The injunction is not a final ruling in the case of Tennessee and Virginia v. NCAA, but the NCAA is in danger of fully losing its ability to enforce its NIL rules, which have been called into question by the attorneys general of both states.

“The NCAA’s prohibition likely violates federal antitrust law and harms student-athletes,” U.S. District Judge Clifton Corker wrote Friday.

Although the related court case is still active, Corker’s injunction means that athletes are free to negotiate NIL-related compensation before they enroll at a school. Though the judge is from the Eastern Tennessee District, his decision applies to the entire country.

NCAA president Charlie Baker, who was speaking to reporters when the judge issued his ruling, reiterated that his organization is seeking a federal antitrust waiver to address NIL issues.

“I would like something that’s very limited here, and I’m perfectly happy to have some federal oversight with regard to that limitation,” Baker said, according to USA Today. “The sort of broad-stroke antitrust exemption that people have talked about — I don’t think that’s necessary. I’m looking for something that just will end the uncertainty and the chaos around some of the very basic rule-making that’s a part of all this.”

Baker added his opposition to making cash payment a legal part of the recruiting process.

“I definitely don’t think it should be (allowed) right now, given the fact that there is no transparency (concerning what athletes make from NIL deals), there’s no accountability, and there’s lots of examples of people misrepresenting truth in reality to kids who then end up chasing that … and discover that what they thought was there isn’t,” he said, per USA Today.

The case stems from the NCAA’s decision in January to launch an investigation into the Tennessee football program over alleged recruiting violations. It centered on Nico Iamaleava, a five-star quarterback recruit coming out of high school, signing a deal with Tennessee’s primary NIL collective, Spyre Sports Group, reportedly worth $8 million.

Tennessee chancellor Donde Plowman addressed a biting letter to Baker last month, claiming the NCAA is not doing its part to establish clear rules for student-athletes, their families or universities.

“Instead, two and a half years of vague and contradictory NCAA memos, emails and ‘guidance’ about name, image and likeness (NIL) has created extraordinary chaos that student-athletes and institutions are struggling to navigate. In short, the NCAA is failing,” Plowman wrote in part.

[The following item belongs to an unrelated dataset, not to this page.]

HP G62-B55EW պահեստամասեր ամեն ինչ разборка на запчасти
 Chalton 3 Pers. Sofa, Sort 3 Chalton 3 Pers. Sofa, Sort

The AGs of Tennessee and Virginia filed their antitrust lawsuit against the NCAA the next day.

“Without the give and take of a free market, student-athletes simply have no knowledge of their true NIL value,” Corker wrote Friday. “It is this suppression of negotiating leverage and the consequential lack of knowledge that harms student-athletes.”

Tennessee attorney general Jonathan Skrmetti said in a statement to news outlets Friday that his state would continue pursuing its litigation “to ensure the NCAA’s monopoly cannot continue to harm Tennessee student-athletes.

“The NCAA is not above the law, and the law is on our side.”

NCAA student-athletes have been allowed to profit off their names, images and likenesses since the Supreme Court ruled in their favor in NCAA v. Alston in summer 2021.